Brief descriptive captions:
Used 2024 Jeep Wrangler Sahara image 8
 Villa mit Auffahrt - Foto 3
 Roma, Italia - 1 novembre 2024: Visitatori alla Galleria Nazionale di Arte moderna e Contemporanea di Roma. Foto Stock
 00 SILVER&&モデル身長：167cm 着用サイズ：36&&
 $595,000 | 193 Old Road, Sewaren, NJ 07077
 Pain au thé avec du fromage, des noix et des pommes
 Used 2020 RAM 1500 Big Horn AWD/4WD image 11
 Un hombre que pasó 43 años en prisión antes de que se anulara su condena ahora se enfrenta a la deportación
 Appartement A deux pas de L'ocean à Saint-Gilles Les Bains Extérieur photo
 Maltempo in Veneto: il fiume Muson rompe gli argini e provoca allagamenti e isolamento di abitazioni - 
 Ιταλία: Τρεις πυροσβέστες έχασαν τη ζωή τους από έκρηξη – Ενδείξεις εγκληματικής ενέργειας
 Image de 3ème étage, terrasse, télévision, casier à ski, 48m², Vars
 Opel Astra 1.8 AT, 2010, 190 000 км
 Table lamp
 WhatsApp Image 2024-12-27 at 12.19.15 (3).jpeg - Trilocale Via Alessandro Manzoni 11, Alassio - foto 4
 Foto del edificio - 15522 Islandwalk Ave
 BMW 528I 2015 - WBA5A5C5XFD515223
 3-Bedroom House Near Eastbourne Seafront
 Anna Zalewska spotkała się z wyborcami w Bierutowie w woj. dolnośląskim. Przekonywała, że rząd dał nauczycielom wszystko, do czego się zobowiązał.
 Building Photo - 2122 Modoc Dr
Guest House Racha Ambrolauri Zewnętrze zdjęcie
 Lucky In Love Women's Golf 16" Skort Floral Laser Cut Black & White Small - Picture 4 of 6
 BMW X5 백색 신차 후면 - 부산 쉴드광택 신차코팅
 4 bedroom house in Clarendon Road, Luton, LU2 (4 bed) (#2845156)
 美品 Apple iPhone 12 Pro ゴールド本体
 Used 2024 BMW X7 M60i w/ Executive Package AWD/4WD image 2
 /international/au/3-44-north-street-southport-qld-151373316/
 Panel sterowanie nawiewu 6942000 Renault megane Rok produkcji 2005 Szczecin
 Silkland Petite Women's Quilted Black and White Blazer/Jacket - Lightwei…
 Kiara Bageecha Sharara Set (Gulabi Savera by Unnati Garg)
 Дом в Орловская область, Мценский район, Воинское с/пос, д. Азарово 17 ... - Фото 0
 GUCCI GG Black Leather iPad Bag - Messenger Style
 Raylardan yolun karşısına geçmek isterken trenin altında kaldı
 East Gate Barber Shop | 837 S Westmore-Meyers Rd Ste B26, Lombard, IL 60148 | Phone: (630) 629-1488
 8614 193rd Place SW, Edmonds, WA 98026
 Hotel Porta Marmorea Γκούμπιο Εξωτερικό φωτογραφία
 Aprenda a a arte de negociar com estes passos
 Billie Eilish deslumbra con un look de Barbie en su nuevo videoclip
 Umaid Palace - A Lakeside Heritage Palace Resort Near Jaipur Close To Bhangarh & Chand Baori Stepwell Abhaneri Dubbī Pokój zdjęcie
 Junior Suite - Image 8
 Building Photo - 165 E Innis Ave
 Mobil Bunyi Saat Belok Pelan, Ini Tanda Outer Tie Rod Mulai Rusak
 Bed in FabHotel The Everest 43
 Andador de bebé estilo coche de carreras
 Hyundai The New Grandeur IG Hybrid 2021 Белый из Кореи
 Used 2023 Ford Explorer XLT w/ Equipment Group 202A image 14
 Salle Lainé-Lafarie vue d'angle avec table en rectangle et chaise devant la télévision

What is needed ▸ The data should be transcribed exactly, line for line.

Expected answer ▸
Used 2024 Jeep Wrangler Sahara image 8
 Villa mit Auffahrt - Foto 3
 Roma, Italia - 1 novembre 2024: Visitatori alla Galleria Nazionale di Arte moderna e Contemporanea di Roma. Foto Stock
 00 SILVER&&モデル身長：167cm 着用サイズ：36&&
 $595,000 | 193 Old Road, Sewaren, NJ 07077
 Pain au thé avec du fromage, des noix et des pommes
 Used 2020 RAM 1500 Big Horn AWD/4WD image 11
 Un hombre que pasó 43 años en prisión antes de que se anulara su condena ahora se enfrenta a la deportación
 Appartement A deux pas de L'ocean à Saint-Gilles Les Bains Extérieur photo
 Maltempo in Veneto: il fiume Muson rompe gli argini e provoca allagamenti e isolamento di abitazioni - 
 Ιταλία: Τρεις πυροσβέστες έχασαν τη ζωή τους από έκρηξη – Ενδείξεις εγκληματικής ενέργειας
 Image de 3ème étage, terrasse, télévision, casier à ski, 48m², Vars
 Opel Astra 1.8 AT, 2010, 190 000 км
 Table lamp
 WhatsApp Image 2024-12-27 at 12.19.15 (3).jpeg - Trilocale Via Alessandro Manzoni 11, Alassio - foto 4
 Foto del edificio - 15522 Islandwalk Ave
 BMW 528I 2015 - WBA5A5C5XFD515223
 3-Bedroom House Near Eastbourne Seafront
 Anna Zalewska spotkała się z wyborcami w Bierutowie w woj. dolnośląskim. Przekonywała, że rząd dał nauczycielom wszystko, do czego się zobowiązał.
 Building Photo - 2122 Modoc Dr
Guest House Racha Ambrolauri Zewnętrze zdjęcie
 Lucky In Love Women's Golf 16" Skort Floral Laser Cut Black & White Small - Picture 4 of 6
 BMW X5 백색 신차 후면 - 부산 쉴드광택 신차코팅
 4 bedroom house in Clarendon Road, Luton, LU2 (4 bed) (#2845156)
 美品 Apple iPhone 12 Pro ゴールド本体
 Used 2024 BMW X7 M60i w/ Executive Package AWD/4WD image 2
 /international/au/3-44-north-street-southport-qld-151373316/
 Panel sterowanie nawiewu 6942000 Renault megane Rok produkcji 2005 Szczecin
 Silkland Petite Women's Quilted Black and White Blazer/Jacket - Lightwei…
 Kiara Bageecha Sharara Set (Gulabi Savera by Unnati Garg)
 Дом в Орловская область, Мценский район, Воинское с/пос, д. Азарово 17 ... - Фото 0
 GUCCI GG Black Leather iPad Bag - Messenger Style
 Raylardan yolun karşısına geçmek isterken trenin altında kaldı
 East Gate Barber Shop | 837 S Westmore-Meyers Rd Ste B26, Lombard, IL 60148 | Phone: (630) 629-1488
 8614 193rd Place SW, Edmonds, WA 98026
 Hotel Porta Marmorea Γκούμπιο Εξωτερικό φωτογραφία
 Aprenda a a arte de negociar com estes passos
 Billie Eilish deslumbra con un look de Barbie en su nuevo videoclip
 Umaid Palace - A Lakeside Heritage Palace Resort Near Jaipur Close To Bhangarh & Chand Baori Stepwell Abhaneri Dubbī Pokój zdjęcie
 Junior Suite - Image 8
 Building Photo - 165 E Innis Ave
 Mobil Bunyi Saat Belok Pelan, Ini Tanda Outer Tie Rod Mulai Rusak
 Bed in FabHotel The Everest 43
 Andador de bebé estilo coche de carreras
 Hyundai The New Grandeur IG Hybrid 2021 Белый из Кореи
 Used 2023 Ford Explorer XLT w/ Equipment Group 202A image 14
 Salle Lainé-Lafarie vue d'angle avec table en rectangle et chaise devant la télévision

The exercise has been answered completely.